__REQUIRED WORK__. Two lines below mark the span: the one containing "thumbnail image 5" and the one containing "Used [In operation]". Set down both, plus every line between, exactly as they stand, and nothing else.

__DATA PROVIDED__.
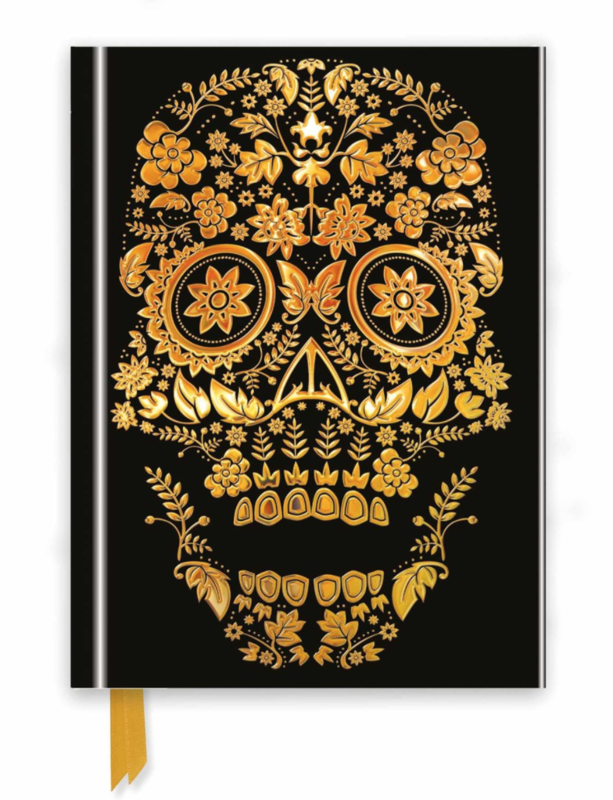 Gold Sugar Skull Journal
==
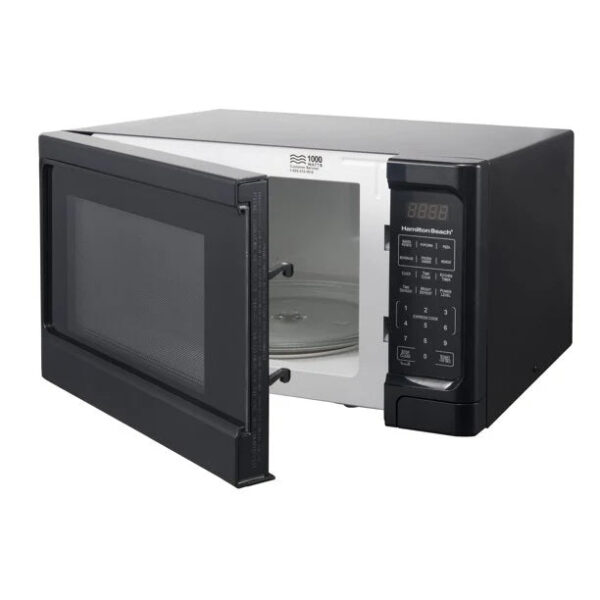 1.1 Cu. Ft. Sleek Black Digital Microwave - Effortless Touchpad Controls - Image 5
* * *
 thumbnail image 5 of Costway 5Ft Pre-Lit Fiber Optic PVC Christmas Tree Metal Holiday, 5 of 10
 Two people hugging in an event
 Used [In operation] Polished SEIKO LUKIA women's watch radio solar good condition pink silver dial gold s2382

__ANSWER TO THIS TASK__.
 thumbnail image 5 of Costway 5Ft Pre-Lit Fiber Optic PVC Christmas Tree Metal Holiday, 5 of 10
 Two people hugging in an event
 Used [In operation] Polished SEIKO LUKIA women's watch radio solar good condition pink silver dial gold s2382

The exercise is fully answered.